Dieses Jahr haben wir einige Neuheiten: Neben unserer Haupt- und Wettbewerbsauswahl – dazu zählen neun Filme aus aller Welt, von Costa Rica bis Indien – und einem außer Konkurrenz stehenden Film, haben wir eine Hommage an die große Agnes Varda – die kürzlich den Ehrenoscar verliehen bekam. Weiter haben wir die Sektion Visionär – Kurze Berliner Begegnungen neu in das Programm aufgenommen. Wir zeigen den zweiten Spielfilm von Varda, „Cleo von 5 bis 7“ (1962). Varda ist eine sehr einflussreiche Regisseurin: Ihr Spielfilmdebüt „La Pointe Courte“ (1955), das in einem kleinen Fischerdorf fern vom Stadtleben spielt, kam vier Jahre vor Truffauts „The 400 Blows“ und Godards „Breathless“ auf die Leinwand! Sie ist die Mutter der französischen Nouvelle Vague, obwohl sie neben Godard, Truffaut, Resnais, Chabrol, Rivette, Rohmer und ihrem Ehemann Demy weniger Beachtung findet. „Cléo von 5 bis 7“ ist auch heute noch erstaunlich modern, innovativ und einflussreich wie jeder Nouvelle Vague Film. Das zeigt sich nicht zuletzt in ihrem Umgang mit den Charakteren und Themen, ihr einzigartiges Fingerspitzengefühl wird in jedem ihrer Filme und Dokumentationen sichtbar. Mit dieser Hommage an Vardas filmische Anfänge wollen wir die jungen Filmemacher*innen da draußen ermutigen, auf ihr Talent zu vertrauen und sich kritisch gegenüber der Filmindustrie zu positionieren, in der immer mehr ökonomische Faktoren Einfluss auf sie ausüben.
Visionär zeigt zudem 22 Kurzfilme junger Berliner Regisseur*innen in vier Blöcken.
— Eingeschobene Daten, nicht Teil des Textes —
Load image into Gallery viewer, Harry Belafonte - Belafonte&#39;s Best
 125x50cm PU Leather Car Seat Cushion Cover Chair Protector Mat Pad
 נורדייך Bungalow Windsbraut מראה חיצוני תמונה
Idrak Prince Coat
Einige der Kurzfilme wurden von der DFFB eingereicht, einer der wichtigsten Filmhochschulen der Stadt, andere wurden im Rahmen eines Open Calls ausgewählt. Mit dieser neuen Sektion wollen wir die Verbindung zur lokalen Szene stärken, das Treffen zwischen Künstlern*innen verschiedener Disziplinen fördern und ihnen eine Plattform des Austausches bieten.

Die Fragen stellte Denis Demmerle für Berliner Filmfestivals.